- Task objective
The required result is every line of the records that includes "Fort".
***** Given information
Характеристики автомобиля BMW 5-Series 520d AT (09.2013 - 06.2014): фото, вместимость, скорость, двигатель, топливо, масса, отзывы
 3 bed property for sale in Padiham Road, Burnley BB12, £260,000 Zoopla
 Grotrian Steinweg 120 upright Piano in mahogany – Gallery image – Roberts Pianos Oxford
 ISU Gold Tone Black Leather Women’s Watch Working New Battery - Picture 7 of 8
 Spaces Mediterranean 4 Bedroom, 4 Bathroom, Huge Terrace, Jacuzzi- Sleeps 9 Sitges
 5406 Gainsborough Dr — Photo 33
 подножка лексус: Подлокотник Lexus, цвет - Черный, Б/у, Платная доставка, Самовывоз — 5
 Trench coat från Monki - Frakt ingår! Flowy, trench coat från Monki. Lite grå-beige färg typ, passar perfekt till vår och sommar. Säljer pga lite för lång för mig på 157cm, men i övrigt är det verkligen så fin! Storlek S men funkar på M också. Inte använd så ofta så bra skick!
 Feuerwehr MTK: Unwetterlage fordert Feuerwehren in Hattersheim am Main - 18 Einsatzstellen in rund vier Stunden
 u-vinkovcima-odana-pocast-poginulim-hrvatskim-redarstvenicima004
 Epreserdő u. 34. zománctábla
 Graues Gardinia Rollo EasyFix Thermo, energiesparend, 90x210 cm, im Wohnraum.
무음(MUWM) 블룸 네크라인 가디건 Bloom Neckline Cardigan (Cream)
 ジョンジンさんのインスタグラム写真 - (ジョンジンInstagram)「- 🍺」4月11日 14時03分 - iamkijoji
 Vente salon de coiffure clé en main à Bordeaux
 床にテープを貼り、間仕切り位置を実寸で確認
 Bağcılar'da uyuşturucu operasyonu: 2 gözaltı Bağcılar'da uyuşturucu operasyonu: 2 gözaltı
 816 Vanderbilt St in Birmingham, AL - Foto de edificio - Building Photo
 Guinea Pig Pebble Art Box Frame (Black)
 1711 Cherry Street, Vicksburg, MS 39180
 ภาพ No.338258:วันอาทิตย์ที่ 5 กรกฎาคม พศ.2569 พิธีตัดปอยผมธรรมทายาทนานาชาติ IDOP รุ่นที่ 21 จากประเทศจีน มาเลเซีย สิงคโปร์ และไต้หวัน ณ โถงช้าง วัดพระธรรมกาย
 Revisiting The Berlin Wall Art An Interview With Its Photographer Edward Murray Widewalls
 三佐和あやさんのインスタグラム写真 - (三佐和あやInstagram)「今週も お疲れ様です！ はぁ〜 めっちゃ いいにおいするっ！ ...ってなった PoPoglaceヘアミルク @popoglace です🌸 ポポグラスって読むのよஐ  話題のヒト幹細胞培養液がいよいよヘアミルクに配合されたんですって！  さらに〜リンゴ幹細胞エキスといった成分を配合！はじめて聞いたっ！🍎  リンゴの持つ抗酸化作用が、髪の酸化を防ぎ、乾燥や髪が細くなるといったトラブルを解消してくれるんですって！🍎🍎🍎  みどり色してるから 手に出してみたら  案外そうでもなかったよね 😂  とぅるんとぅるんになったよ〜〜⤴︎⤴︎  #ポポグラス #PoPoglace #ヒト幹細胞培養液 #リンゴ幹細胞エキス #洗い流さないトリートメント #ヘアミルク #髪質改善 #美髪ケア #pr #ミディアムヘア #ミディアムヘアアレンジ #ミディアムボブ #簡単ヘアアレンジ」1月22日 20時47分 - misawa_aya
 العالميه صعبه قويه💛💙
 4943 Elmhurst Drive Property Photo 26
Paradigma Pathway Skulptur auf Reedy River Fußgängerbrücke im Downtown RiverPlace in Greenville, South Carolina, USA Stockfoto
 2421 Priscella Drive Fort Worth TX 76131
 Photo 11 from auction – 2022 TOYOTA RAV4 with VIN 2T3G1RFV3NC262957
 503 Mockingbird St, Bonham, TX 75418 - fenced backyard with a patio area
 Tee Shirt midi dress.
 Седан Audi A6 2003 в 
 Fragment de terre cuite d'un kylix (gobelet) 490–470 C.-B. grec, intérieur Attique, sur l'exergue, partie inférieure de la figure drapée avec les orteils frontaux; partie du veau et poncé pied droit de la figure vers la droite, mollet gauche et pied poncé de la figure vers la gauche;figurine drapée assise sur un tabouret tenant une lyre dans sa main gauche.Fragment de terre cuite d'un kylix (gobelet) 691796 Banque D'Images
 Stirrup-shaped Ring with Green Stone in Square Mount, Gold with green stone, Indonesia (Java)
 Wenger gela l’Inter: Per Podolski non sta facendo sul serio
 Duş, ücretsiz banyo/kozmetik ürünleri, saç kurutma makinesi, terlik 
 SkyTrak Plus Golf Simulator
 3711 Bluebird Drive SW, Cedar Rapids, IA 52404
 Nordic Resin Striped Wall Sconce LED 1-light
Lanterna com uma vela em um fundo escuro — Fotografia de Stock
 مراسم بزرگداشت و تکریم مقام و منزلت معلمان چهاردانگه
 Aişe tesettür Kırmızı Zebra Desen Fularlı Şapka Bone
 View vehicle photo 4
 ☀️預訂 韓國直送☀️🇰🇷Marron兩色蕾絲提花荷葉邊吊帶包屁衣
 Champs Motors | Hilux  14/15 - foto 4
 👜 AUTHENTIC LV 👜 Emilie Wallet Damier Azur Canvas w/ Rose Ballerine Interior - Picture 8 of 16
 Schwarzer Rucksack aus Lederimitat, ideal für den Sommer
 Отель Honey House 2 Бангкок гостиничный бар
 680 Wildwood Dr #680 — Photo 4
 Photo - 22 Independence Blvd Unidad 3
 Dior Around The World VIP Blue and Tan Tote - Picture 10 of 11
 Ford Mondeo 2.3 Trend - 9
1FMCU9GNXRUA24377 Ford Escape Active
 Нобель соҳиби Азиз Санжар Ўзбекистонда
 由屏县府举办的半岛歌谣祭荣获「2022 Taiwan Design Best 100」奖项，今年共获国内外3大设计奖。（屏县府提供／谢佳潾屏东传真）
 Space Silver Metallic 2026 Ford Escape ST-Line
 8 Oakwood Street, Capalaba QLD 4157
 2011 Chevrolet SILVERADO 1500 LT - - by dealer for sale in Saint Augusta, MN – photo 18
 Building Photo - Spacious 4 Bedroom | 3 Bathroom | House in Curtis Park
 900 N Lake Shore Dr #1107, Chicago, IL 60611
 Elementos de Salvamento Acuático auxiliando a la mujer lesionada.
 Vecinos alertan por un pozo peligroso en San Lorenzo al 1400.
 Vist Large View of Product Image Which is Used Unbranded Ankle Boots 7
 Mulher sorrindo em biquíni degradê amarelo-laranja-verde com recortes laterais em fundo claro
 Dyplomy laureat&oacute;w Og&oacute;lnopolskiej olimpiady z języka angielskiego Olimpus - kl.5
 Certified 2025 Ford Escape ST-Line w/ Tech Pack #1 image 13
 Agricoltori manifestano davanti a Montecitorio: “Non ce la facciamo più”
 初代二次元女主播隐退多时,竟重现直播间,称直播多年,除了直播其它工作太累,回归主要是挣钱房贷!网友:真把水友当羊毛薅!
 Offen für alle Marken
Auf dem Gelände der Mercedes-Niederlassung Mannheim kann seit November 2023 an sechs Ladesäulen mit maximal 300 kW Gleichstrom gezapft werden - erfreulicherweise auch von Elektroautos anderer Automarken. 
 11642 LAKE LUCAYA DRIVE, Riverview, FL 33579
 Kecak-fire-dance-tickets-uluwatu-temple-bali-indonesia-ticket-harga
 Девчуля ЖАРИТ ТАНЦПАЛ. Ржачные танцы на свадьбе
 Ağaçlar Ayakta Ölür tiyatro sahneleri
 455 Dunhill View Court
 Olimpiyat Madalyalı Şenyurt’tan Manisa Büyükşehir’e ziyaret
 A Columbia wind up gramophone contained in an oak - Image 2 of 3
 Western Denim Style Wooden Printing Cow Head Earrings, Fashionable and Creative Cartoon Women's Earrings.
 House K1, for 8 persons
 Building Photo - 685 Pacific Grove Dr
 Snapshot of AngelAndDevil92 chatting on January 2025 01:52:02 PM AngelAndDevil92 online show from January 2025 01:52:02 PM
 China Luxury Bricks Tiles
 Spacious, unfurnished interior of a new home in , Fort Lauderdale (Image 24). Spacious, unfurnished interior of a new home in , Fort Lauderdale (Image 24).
**********
- Exercise solution
 2421 Priscella Drive Fort Worth TX 76131
 Spacious, unfurnished interior of a new home in , Fort Lauderdale (Image 24). Spacious, unfurnished interior of a new home in , Fort Lauderdale (Image 24).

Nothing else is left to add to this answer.